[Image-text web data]
┏━━

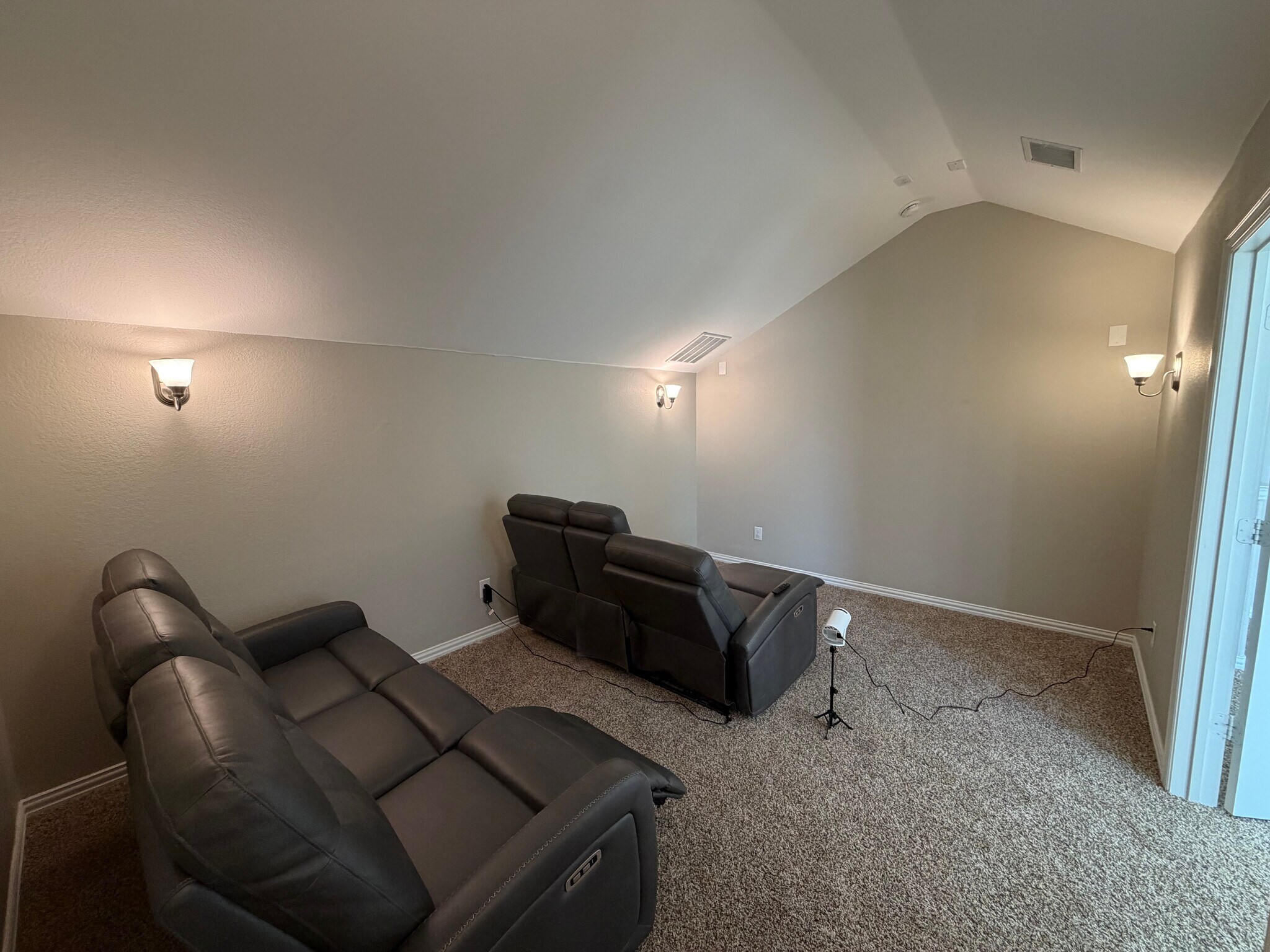 Building Photo - Room in House on Zanna Grace Way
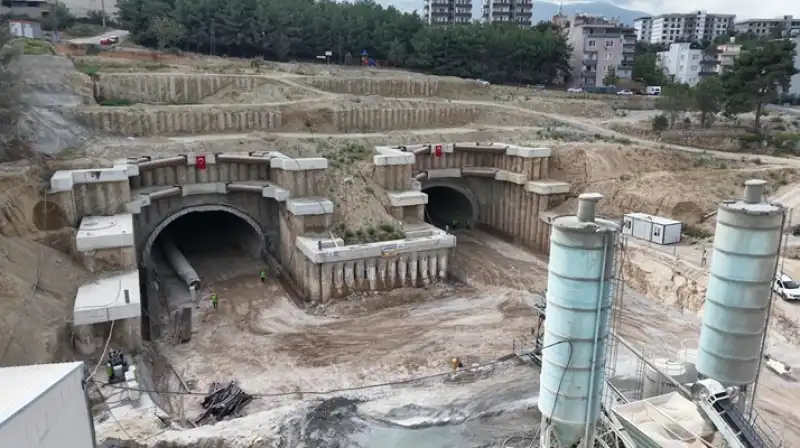 Hatay'da İskenderun-Topboğazı Otoyolu'nda çalışmalar Devam Ediyor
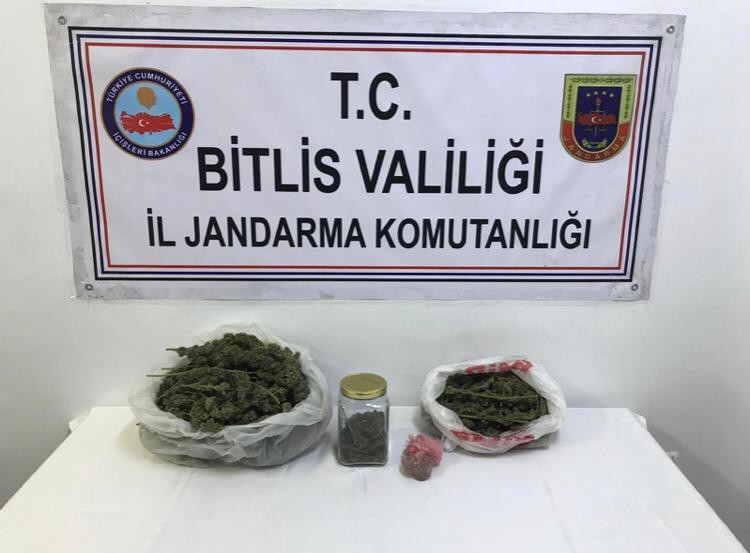 Bitlis’te 4 kilo 300 gram kubar esrar ele geçirildi 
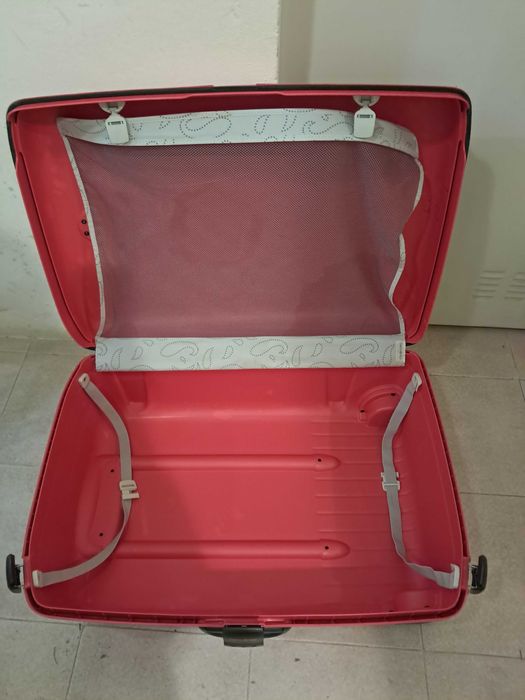 Mala de viagem Samsonite encarnada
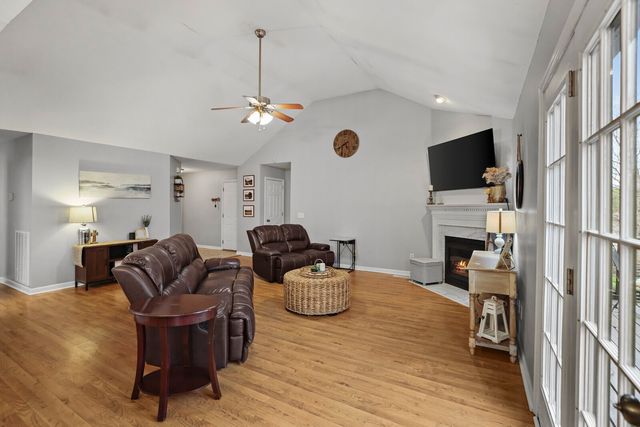 2704 Leesa Ann Ln, Old Hickory, TN 37138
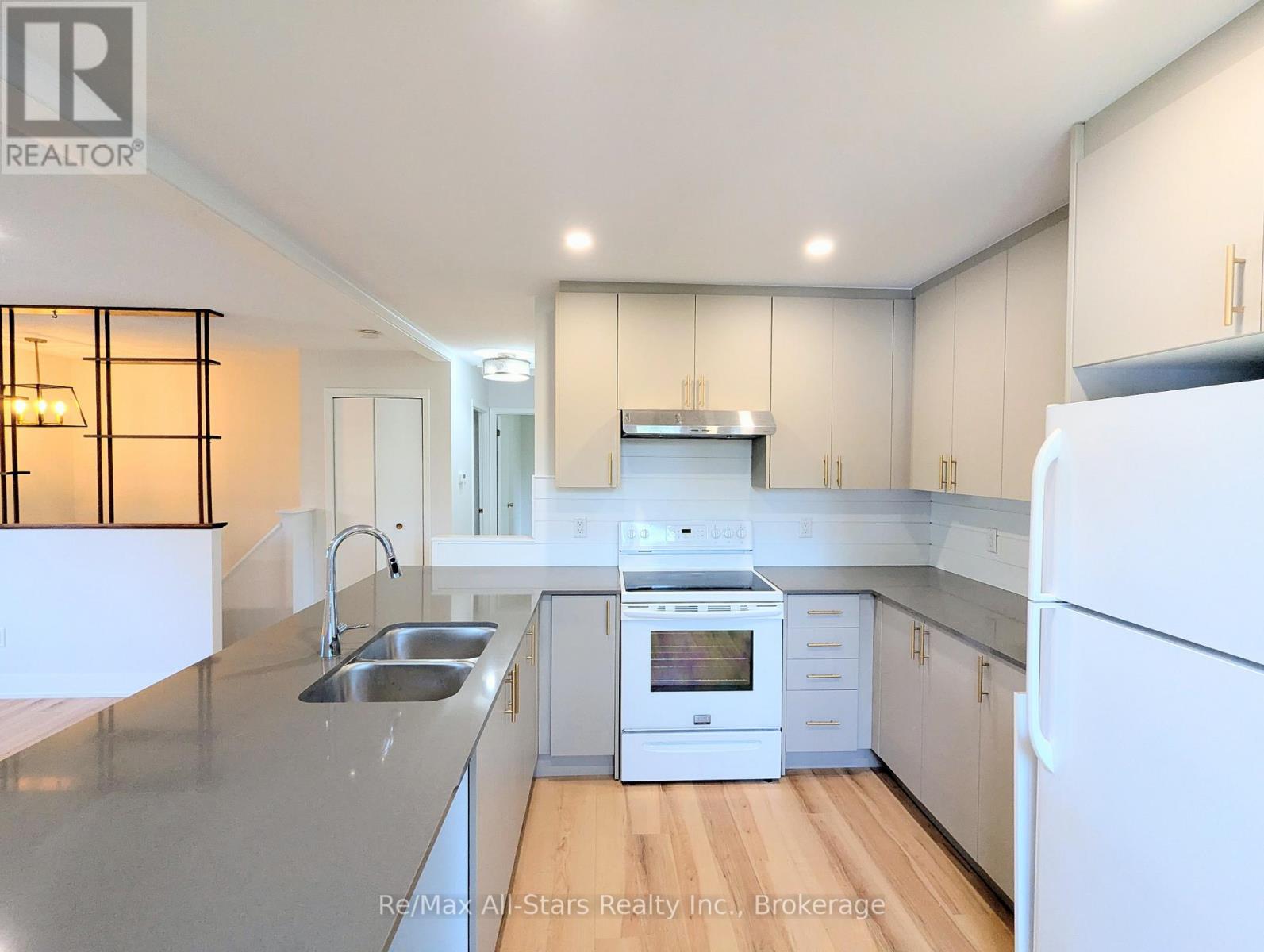 1886 Croftdale Crescent, Peterborough (Monaghan Ward 2), Ontario  K9K 1J8 - Photo 14 - X13557752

┗━━

- **Activity**
A word-for-word copy of the entries above is what is needed, without any images.

- **Answer to this problem**
 Building Photo - Room in House on Zanna Grace Way
 Hatay'da İskenderun-Topboğazı Otoyolu'nda çalışmalar Devam Ediyor
 Bitlis’te 4 kilo 300 gram kubar esrar ele geçirildi 
 Mala de viagem Samsonite encarnada
 2704 Leesa Ann Ln, Old Hickory, TN 37138
 1886 Croftdale Crescent, Peterborough (Monaghan Ward 2), Ontario  K9K 1J8 - Photo 14 - X13557752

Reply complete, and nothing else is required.